タリバンの兵士達が大統領府のデスクに陣取っています。

8月15日、反政府武装勢力のタリバンがアフガニスタンの大統領府を占拠。スマートフォンで記念撮影する様子も…

ガニ大統領は国外へ脱出し、タリバンが勝利を宣言。

「アフガニスタン国家に安全と希望をもたらすため奉仕する」と表明しました。

しかし、タリバンの恐怖政治から逃れようと国境や空港には大勢の人が詰めかけ、アフガニスタンを脱出する人も相次いでいます。

カブールから逃れた女性。

世界がアフガニスタンを見捨てるなんて。

友人はタリバンに殺されてしまうだろう。私たち女性に人権などもうない。

各国政府は自国民を退避させるため軍隊を派遣。ヘリコプターで空が混雑する光景も。

アフガニスタンで8年間活動してきた中東調査会の青木健太研究員は…

外国の機関と働いていたことで脅迫されているという人もいる。

国内にとどまると身の危険がある人もいると思う。

指導部の方針と末端兵士の振る舞いに乖離がある場合がある。

その点に十分注意を払う必要がある。

アメリカ政府はアフガニスタンでの市民の保護や外国人の安全な退避を求める日本や欧米各国などおよそ70の国と機関の共同声明を発表しました。

8月16日、菅総理は…

今後、タリバンへの政権移譲が見込まれる。このようにわが国としても認識をしている。

米国など関係国と連携して対応している。

2001年、アメリカのブッシュ大統領(当時)。

アメリカや同盟国、アフガニスタンの兵士のおかげでタリバン政権は終焉を迎えた。

2001年のアメリカ同時多発テロ以降、アメリカはタリバン政権が国際テロ組織アルカイダをかくまったとして攻撃。テロ根絶を目指し民主政権を支援しました。

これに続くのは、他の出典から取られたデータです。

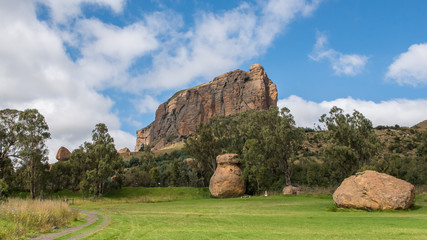 Sandstone Mountain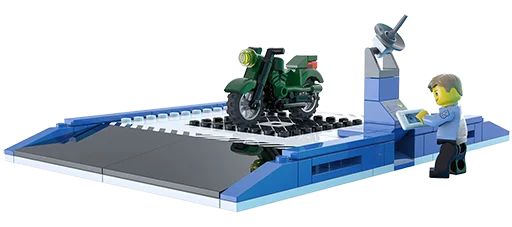 🏍 Стикер «LEGO City Undercover» для Telegram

ところが今月末に迫ったアメリカ軍の完全撤退と入れ替わるようにタリバンが政権を掌握したことで20年に及ぶ民主化の取り組みが水の泡となりました。

そんな中、タリバンに急接近しているのが中国とロシアです。

7月末、中国の王毅外相は天津でタリバンの代表団と会談。

そこには2つの狙いがあるといいます。

「中国がタリバンとどのような関係を築くか?」

中国は基本的には他国の内政には干渉せず経済的利益を追求する。

中国はアフガニスタンの銅山や油田といった天然資源の開発を支援。南アジアでの存在感を高めるとともに経済的な利益を狙っていると見られます。

さらに…

中国にとってアフガニスタンはテロ対策で重要。

武装勢力がアフガニスタンで訓練を受けたり、潜伏したりする場にならないようアフガニスタンと協力していくメリットはある。

アフガニスタンと国境を接する中国の新疆ウイグル自治区にはイスラム教徒のウイグル族が住んでいます。

中国当局から迫害を受けたウイグル族がタリバン政権と連携し、テロリストになるリスクを避けるため、あらかじめタリバンとの関係を築いておこうという狙いです。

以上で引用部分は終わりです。